Il Vangelo di questa domenica pone al centro l’attenzione sulla capacità di vivere il servizio come stile di vita. Gesù porta l’esempio di un servo che, dopo aver svolto la sua mansione, è chiamato a mettersi a servizio prima di poter fermarsi e dedicarsi a sé. Essere servi inutili è riconoscere che all’interno del progetto di salvezza di Dio siamo chiamati a portare a termine la nostra missione senza aspettarci particolari ringraziamenti o ricompense, ma avendo piena coscienza di chi siamo e di Chi governa la storia dell’umanità, senza mai abbandonarla. 
Riconoscersi servi nei confronti di Dio non vuol dire sminuire l’importanza della nostra persona, né tantomeno rinunciare alla nostra libertà, piuttosto si tratta di far sì che essa porti frutto, accogliendo e cercando di seguire la strada che Dio stesso ha pensato per noi. Affidarci liberamente a Lui è scegliere la via che porta alla gioia piena, che permette alla nostra vita di portare frutti abbondanti, di fare cose grandi. È lo stesso Gesù che dirà ai suoi: «Non vi chiamo più servi ma amici». Chi comprende il significato vero dell’essere servi inutili, sa che non sono incompatibili questi due appellativi. Solo chi confonde la libertà col fare quello che si desidera sempre e comunque, ha paura di impegnarsi per diventare servo di Dio. La nostra preoccupazione dovrebbe essere di non vivere mai un altro tipo di servitù: nei confronti di qualcuno o di qualcosa. Questa schiavitù è la tipica condizione di chi ha perso la sua libertà, perché dipendente e schiavo di qualcuno o qualcosa.

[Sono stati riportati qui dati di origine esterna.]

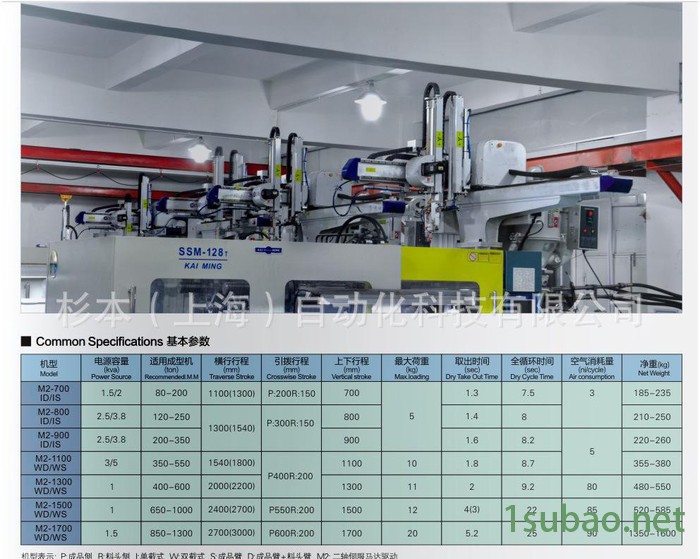 注塑机横走式机械手 智能机器人 注塑机机械手 上海机械手图2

Chi, invece, cerca di essere servo inutile di Dio non vivrà mai una triste dipendenza perché non confonderà null’altro con Dio. 

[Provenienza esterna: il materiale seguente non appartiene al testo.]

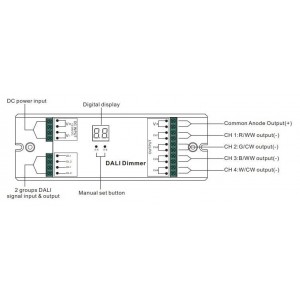 Dimmer Dali CV 4 canaux 12-36V DC 8A / canal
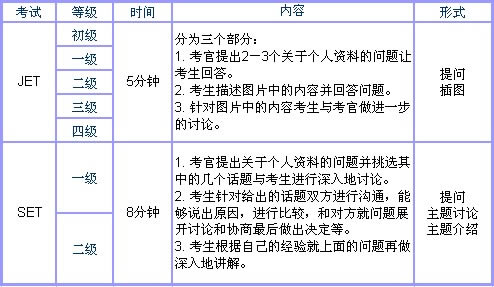 捷思考试 哪些级别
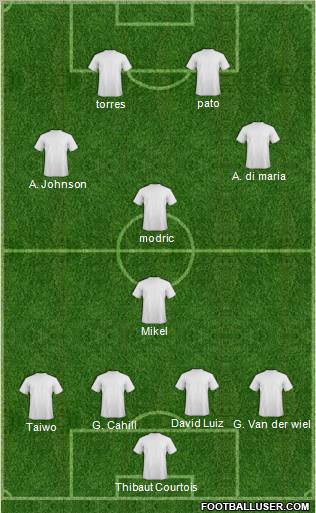 Fifa Team Formation 2011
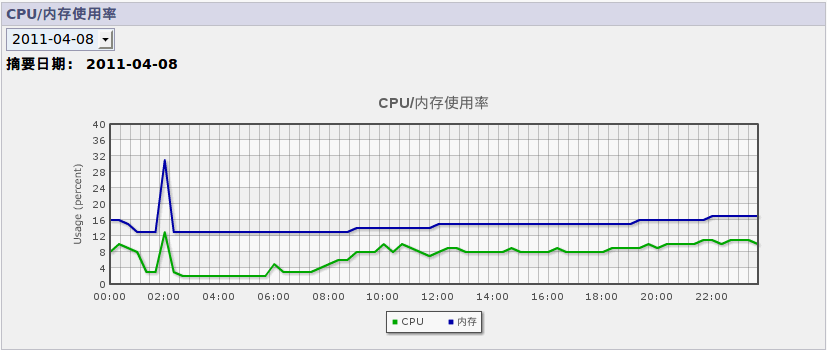 高频率内存：电脑发烧友的智能公会探秘  第1张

La caratteristica che si accompagna alla servitù è la gratuità: quell’«inutili», così importante, usato da Gesù, implica la non necessità di alcun ringraziamento o riconoscenza. Può capitare di mettersi a servizio della propria comunità o delle persone a noi vicine, rimanendo poi male se non è espressa una pubblica riconoscenza. Il “servo inutile” del Vangelo è colui che conosce il nascondimento e si mette a disposizione non per chissà quale tornaconto, ma perché ha compreso l’importanza del servizio. Cogliamo l’occasione del Vangelo di questa domenica per fare un piccolo esame di coscienza: come viviamo in prima persona il servizio? Riconosciamo la bellezza e l’importanza della gratuità? Abbiamo paura di perdere la nostra libertà diventando servi del Signore?

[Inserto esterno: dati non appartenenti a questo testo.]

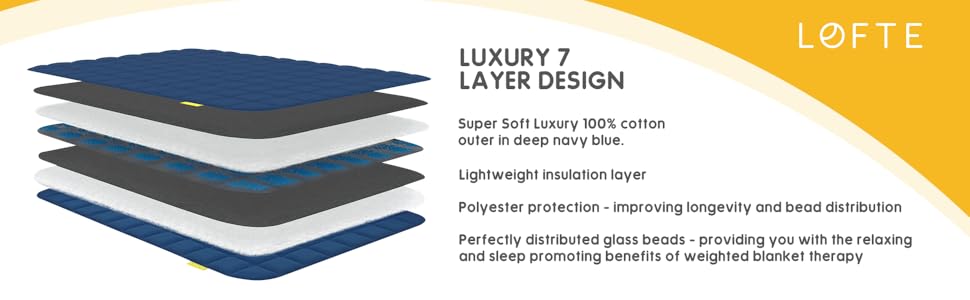 Weighted blanket sleep therapy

Ascoltiamo le splendide parole che san Paolo scrive a Timoteo nella seconda lettura odierna: «Se moriamo con lui, con lui anche vivremo; se perseveriamo, con lui anche regneremo; se lo rinneghiamo, lui pure ci rinnegherà; se siamo infedeli, lui rimane fedele, perché non può rinnegare sé stesso». Non c’è sacrificio compiuto per Gesù Cristo che sia inutile, che non ci conduca alla salvezza, è questo il modo più bello di vivere la nostra vita, mettendoci a suo servizio. Saremo certi di aver fatto quello che dovevamo fare, mettendoci in ascolto della sua Parola e sforzandoci di attuare ciò che dice al cuore di ciascuno di noi.